As to the West, in a society where technology (we are back to Science) was a disruptor that had systematically created successive forms of globalisation (including enforced imperialism), industrial revolution, new powers for previously impotent populations, with dynastic traditional societies crumbling only rather late in the day, the effect of the latest round of environmental and digital technologies is unknown. We have traced how Rights has had a long history from that point when it derived from God to that point where it displaced God. It created new gods in a multiple of often petty and invented nationalisms as well as (in its latest phase) trans-national identity politics. Rights had originally emerged as a rational quasi-scientific response to the need to maintain elite order and property in North-Western Europe, thence it went to the Americas where it was transformed into justification for colonial revolt (the seeds of the current BRICS ‘schism’). It became the basis, laundered through Marxism, for the national liberation struggles that are now condemned as ‘terrorism’ by whichever empire is being threatened by them. After the American colonial revolts, Rights returned to France where they justified bloody social revolution.
Through all these and other manoeuvres a new ‘grounding’ for the West centred on the Anglo-Saxon and, less surely, European worlds emerged. Its link to the God-thing was very much closer than we might expect from some of its secularist radical rhetoric. Although the US Constitution does not mention God, the Declaration of Independence talks of Divine Providence with three other references to God in some form within it. The American Civil War saw the introduction of ‘In God We Trust’ on the dollar bill. Infamously Robespierre displaced the Christian God with the Cult of the Supreme Being. In other words, just as Christianity needed Saints to displace gods so Rights ideology started its life requiring something that linked these new rights to the supernatural. Even today US politics retains a strong religious inflection.
Here is where it gets interesting. If Rights were initially embedded in an implicit theory that they derived from the supernatural, what happens to them when the supernatural is no longer relevant? In other words, Science (notably but far from exclusively Darwinism) undercuts much of the supernatural. The supernatural then starts spreading itself more thinly through society as superstitions (hauntings, occult belief, rational religion, spiritualism at one point). Elites lose interest in it or return to it only cynically (as Kamala Harris clearly did this week) to control the ‘democratic’ electoral process for a matter of mere weeks until power can be secured. If it is so that Science undercuts this supernatural origin story, then from whence does a Right now derive? This is a most inconvenient question to ask.

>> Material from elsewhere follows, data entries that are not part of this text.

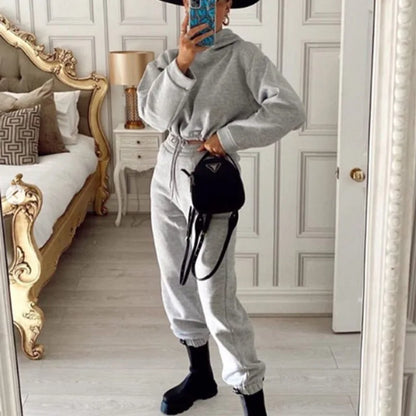 Women’s Oversized Winter Tracksuit – Hoodie & Sweatpants Set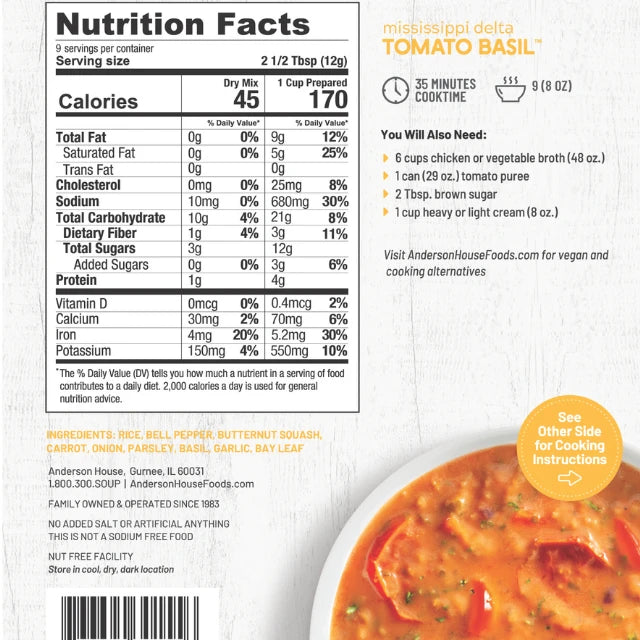 Frontier Soups Mississippi Delta Tomato Basil Soup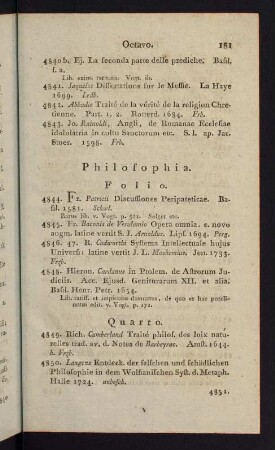 181-199, Philosophia - Libri Mathematici et Astronomici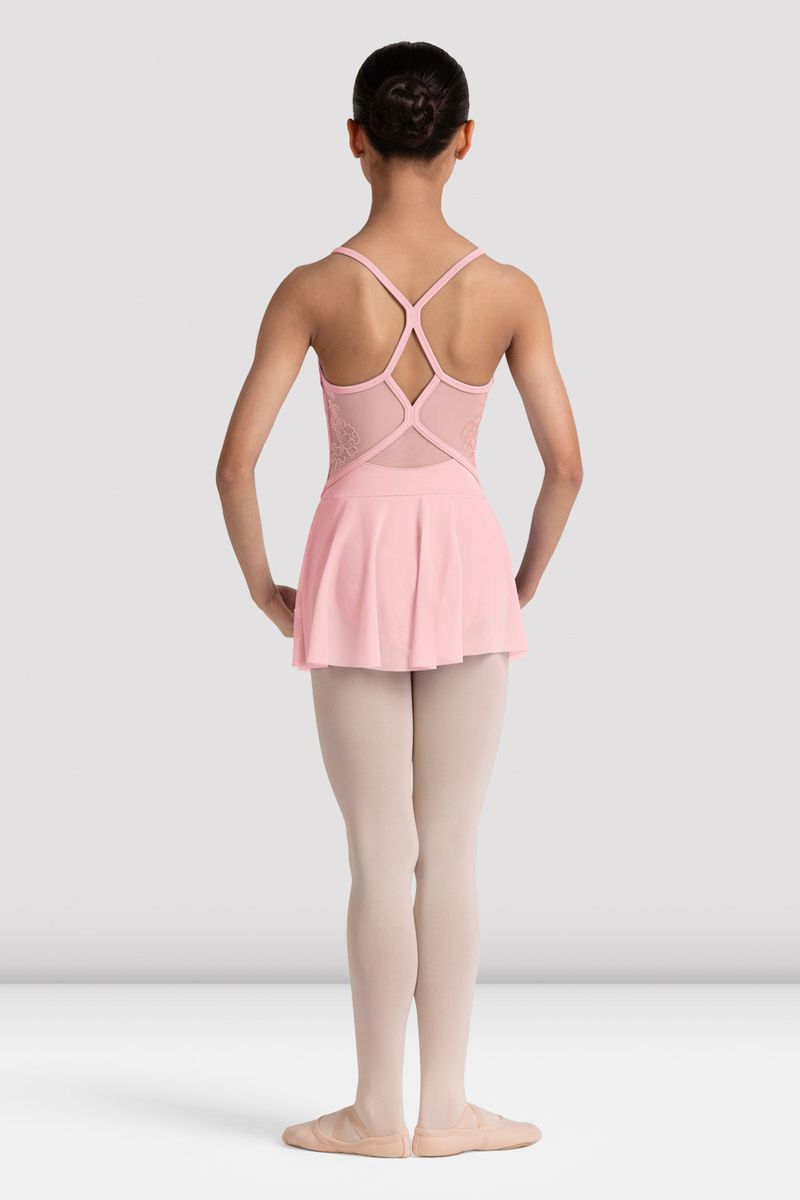 Embroidered Skirt Camisole Leotard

The answer has to be that without a God or divine purpose on the one side or a scientific and materialist explanation or some explanation derived from an essentialist view of the human condition, a Right has no basis other than its utility to someone somewhere.
Now, this is where I might part company with some readers. There may be general agreement that Science (at this point in history) cannot demonstrate the reality of a Right. However, those who still believe in God might reasonably derive Rights from that belief (although more likely along Deist lines) but anyone else is going to have to demonstrate that Rights and being human are essentially connected or agree that this belief in Rights is no more than a belief. Even a humanistic approach is hard to detach from ‘belief’ in some essentialist view of what it is to be human that is extremely hard to justify analytically. And if this is so, this obliges the believer to ‘totalise’ human beings either into a fixed human nature (which is certainly hard to justify now) or to abandon any dissenting humans (in regard to their disbelief in Rights) to inhumanity, redefining what it is to be human as simply anyone who believes in Rights or, more particularly, the Rights that the believer believes in.
The partial de-humanisation of Palestinian Arabs derives in part from the totalisation of the ‘Right’ of Israel to exist. Game over for any child who gets in the way of a ‘righteous’ (the word-link ceases to be accidental) missile. This argument from ‘totality’ (essentially totalitarian in implication) is not only circular but has the odd effect of someone who believes in Rights denying Rights to anyone who does not believe in Rights or at least their definition of Rights. This dehumanisation of the dissenter is very similar to processes that went on in Catholic, Soviet and Nazi regimes and, if honestly believed, must be regarded as an example of ‘liberal (or Western) totalitarianism’.
And then there are the obfuscations and contradictions. Without going into more detail, we might see the Right to Life as simply cover for invoking God amongst many of its adherents because the current secular hegemony of Rights ideology demands that God be cloaked in order to permit a claim to be effective. It would be more honest simply to say ‘I believe in God and God tells me (by revelation in a text or some other means) that killing foetuses is a fundamental moral wrong’. The language of rights is then irrelevant. The Right to Choose too looks like a polemical over-simplification of a complex social problem whose purpose is feminist mobilisation by assuming that individual choice is all that there is to being human.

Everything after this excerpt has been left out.